▶ **What the task asks**: Using the data below, set down every line from the one containing "Now, this is" through the one containing "To view the", inclusive and unchanged. Pictures are to be skipped.

▶ **Source material**:
════════════════

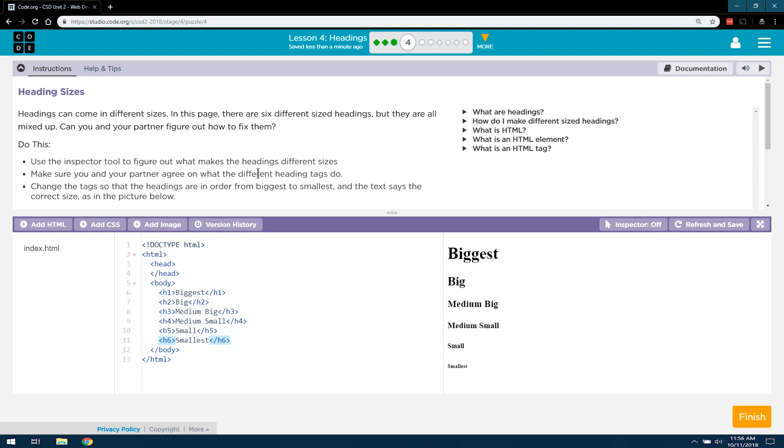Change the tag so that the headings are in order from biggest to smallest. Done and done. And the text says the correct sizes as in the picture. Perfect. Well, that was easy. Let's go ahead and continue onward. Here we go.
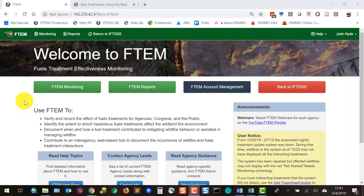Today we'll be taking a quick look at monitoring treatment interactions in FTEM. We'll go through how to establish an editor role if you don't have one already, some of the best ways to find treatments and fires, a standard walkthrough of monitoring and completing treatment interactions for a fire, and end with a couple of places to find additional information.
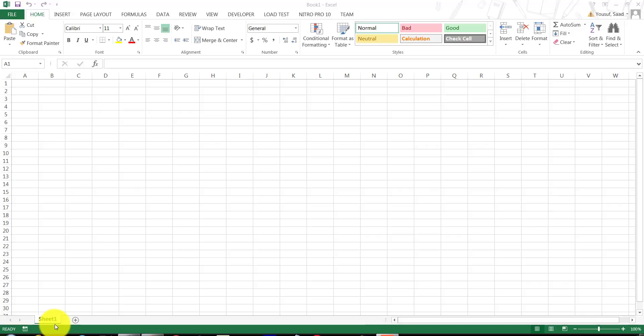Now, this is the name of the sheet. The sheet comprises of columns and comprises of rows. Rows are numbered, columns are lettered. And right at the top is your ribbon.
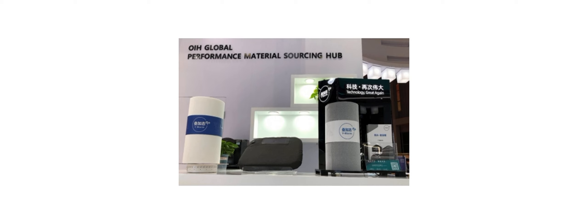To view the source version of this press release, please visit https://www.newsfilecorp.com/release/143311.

════════════════

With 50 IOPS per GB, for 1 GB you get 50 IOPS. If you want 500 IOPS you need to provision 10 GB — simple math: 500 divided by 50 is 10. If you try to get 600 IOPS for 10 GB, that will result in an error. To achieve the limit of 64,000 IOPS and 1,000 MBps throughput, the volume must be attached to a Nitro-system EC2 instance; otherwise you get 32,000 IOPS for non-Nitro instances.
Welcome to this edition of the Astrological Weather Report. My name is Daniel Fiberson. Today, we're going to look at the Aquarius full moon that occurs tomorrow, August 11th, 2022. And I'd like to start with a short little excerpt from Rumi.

════════════════

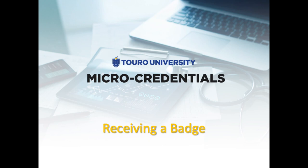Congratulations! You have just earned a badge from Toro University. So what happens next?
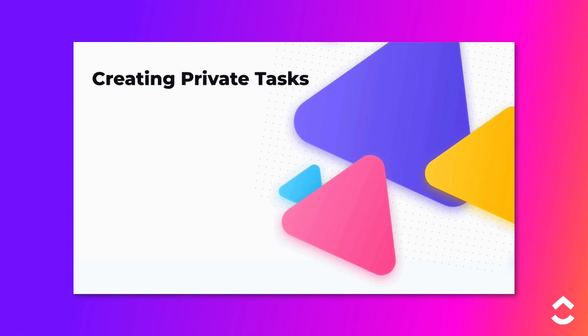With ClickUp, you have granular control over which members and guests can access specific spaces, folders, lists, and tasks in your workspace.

════════════════

▶ **Problem solution**:
Now, this is the name of the sheet. The sheet comprises of columns and comprises of rows. Rows are numbered, columns are lettered. And right at the top is your ribbon.
To view the source version of this press release, please visit https://www.newsfilecorp.com/release/143311.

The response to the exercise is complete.